AMHARIC ANAPHORA RESOLUTION USING MACHINE  LEARNING APPROACH: THE CASE OF INDEPENDENT AND  HIDDEN ANAPHORA RESOLUTION

KEDIR MOHAMMED TIGABU; Wondwossen Mulugeta (PhD); Elias Debelo (MSc)

AMHARIC ANAPHORA RESOLUTION USING MACHINE LEARNING APPROACH: THE CASE OF INDEPENDENT AND HIDDEN ANAPHORA RESOLUTION

KEDIR MOHAMMED TIGABU; Wondwossen Mulugeta (PhD); Elias Debelo (MSc)
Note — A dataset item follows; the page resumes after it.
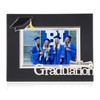 LASODY MDF Graduation Picture Frame with Cap and Certification -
URI: http://ir.haramaya.edu.et//hru/handle/123456789/6722

Date: 2023-03

Abstract:

Anaphora resolution is a fundamental task in natural language processing that involves identifying the antecedent of an anaphoric expression in a text. The task is critical for several NLP applications, such as machine translation, text summarization, question answering, information extraction, natural language generation, discourse analysis and sentiment analysis. This research focuses on developing an effective anaphora resolution model using machine learning approach. Our model for resolving anaphora in Amharic has two main phases: training and testing. The model is made up of five components, including pre-processing, which involves tokenizartion, normalization, part-of-speech tagging and chunking, identifying independent anaphora, identifying hidden anaphora (extracting pronouns from Amharic verbs using morphological analyzer), identifying candidate antecedents (identifying noun phrases), feature selection (applying resolution factors which are the constraint rules and the preference rules), and the actual anaphora resolver model. We have used the HornMorpho for morphological analysis. While preparing the corpus or datasets by customizing for our annotation scheme, we have used INCEpTION text annotation tool. We have developed a supervised machine learning model of Amharic anaphora resolution. This study focuses only pronominal and reflexive pronouns. We have used three machine learning algorithms for classification which are: Support Vector Machine (SVM), Naïve Bayes (NB), and Random Forest (RF). To evaluate the performance of the model, we have collected 575 sentences which has 211 independent pronouns and 537 hidden pronouns for our experiment from Amharic news portals, Quran, Bible and the evaluation of the model was conducted in different scenarios. First based on the dataset type, based on the location of anaphor and antecedent finally the performance also evaluated for hidden and independent anaphora detection. In the first case the performance of the model on the compiled dataset scores an accuracy of 59.38 for SVM, 57.47 for NB and 57.91 for RF. In the second case, for inter-sentential anaphora the model scored SVM 43.87%, NB 43.20% and RF 44.52%. for intra-sentential anaphora the model scored an accuracy for SVM 62.50%, 59.44%, 57.39% for NB and RF respectively. For independent and hidden anaphora detection SVM 66.82% and for hidden anaphora 66.11% of accuracy was scored.